Below are some entries. Transcribe the lines from the one holding "Ladies Teflon Executive 3/4 Sleeve Shirt" to the one holding "PULLUP & DIP", inclusive, but not the pictures among them.

SUPPLIED DATA:
____

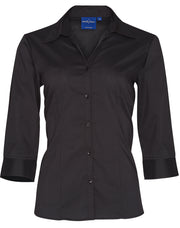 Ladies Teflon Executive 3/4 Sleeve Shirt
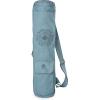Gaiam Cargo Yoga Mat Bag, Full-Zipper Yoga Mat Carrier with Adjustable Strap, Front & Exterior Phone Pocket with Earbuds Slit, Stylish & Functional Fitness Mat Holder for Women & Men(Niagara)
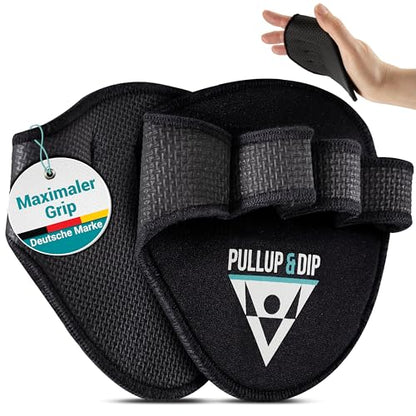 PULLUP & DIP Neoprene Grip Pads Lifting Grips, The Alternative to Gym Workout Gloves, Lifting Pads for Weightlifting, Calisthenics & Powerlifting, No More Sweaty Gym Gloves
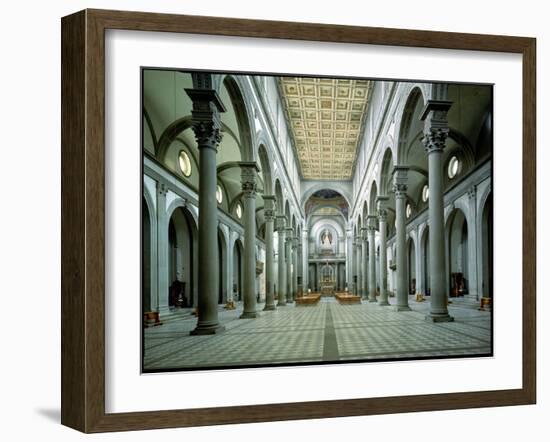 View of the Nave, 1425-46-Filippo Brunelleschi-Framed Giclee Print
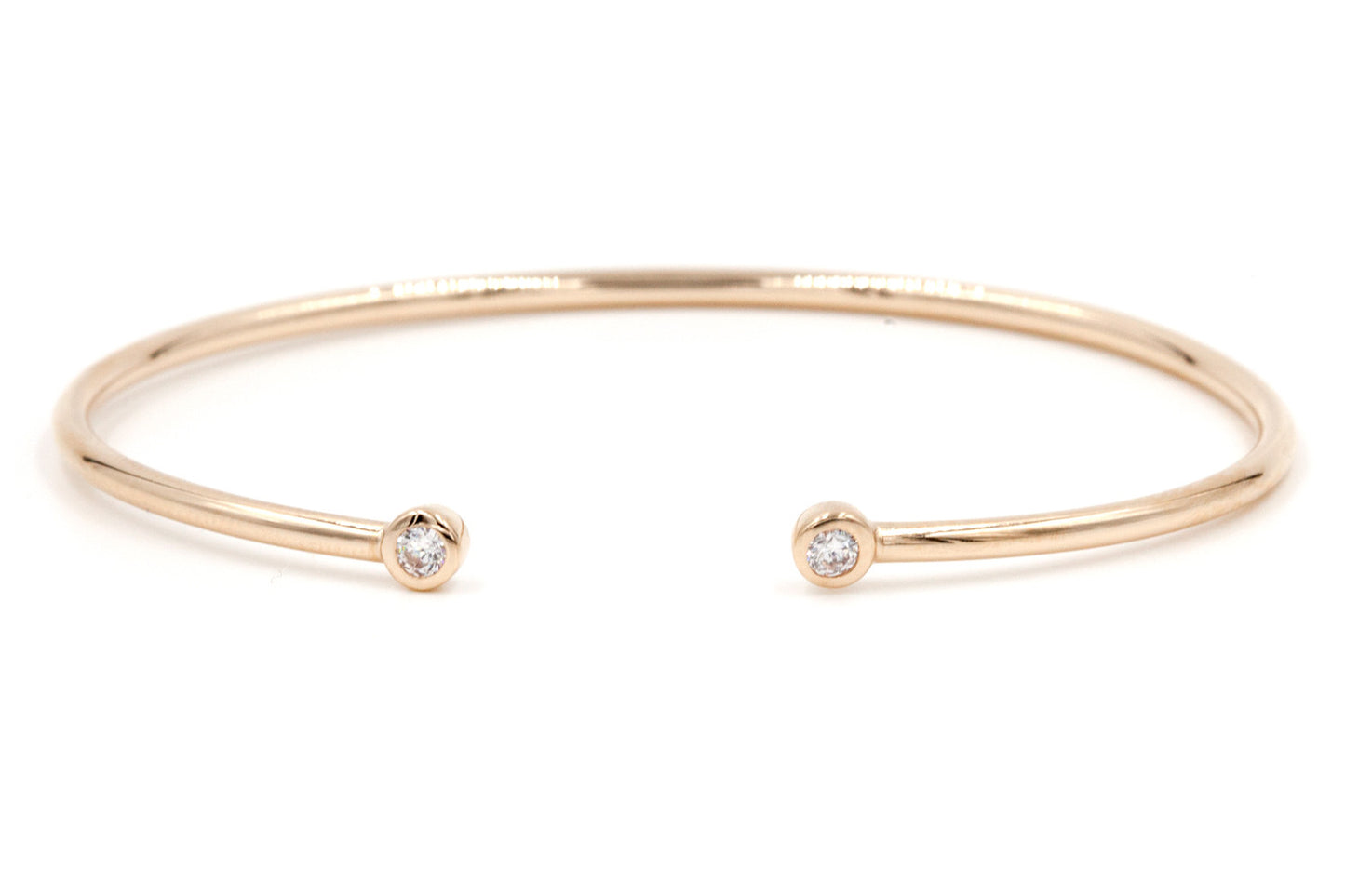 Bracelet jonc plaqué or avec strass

____

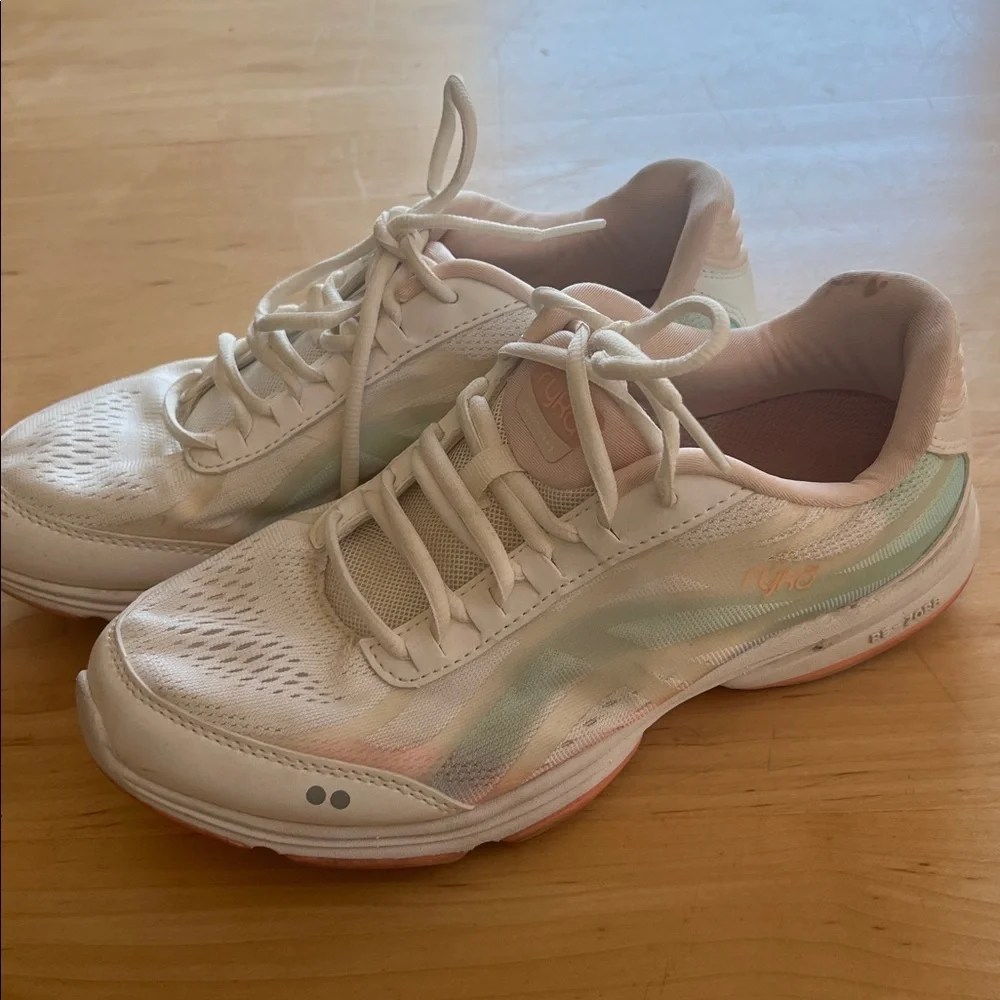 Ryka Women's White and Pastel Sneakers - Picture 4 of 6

____

FINAL ANSWER:
 Ladies Teflon Executive 3/4 Sleeve Shirt
Gaiam Cargo Yoga Mat Bag, Full-Zipper Yoga Mat Carrier with Adjustable Strap, Front & Exterior Phone Pocket with Earbuds Slit, Stylish & Functional Fitness Mat Holder for Women & Men(Niagara)
 PULLUP & DIP Neoprene Grip Pads Lifting Grips, The Alternative to Gym Workout Gloves, Lifting Pads for Weightlifting, Calisthenics & Powerlifting, No More Sweaty Gym Gloves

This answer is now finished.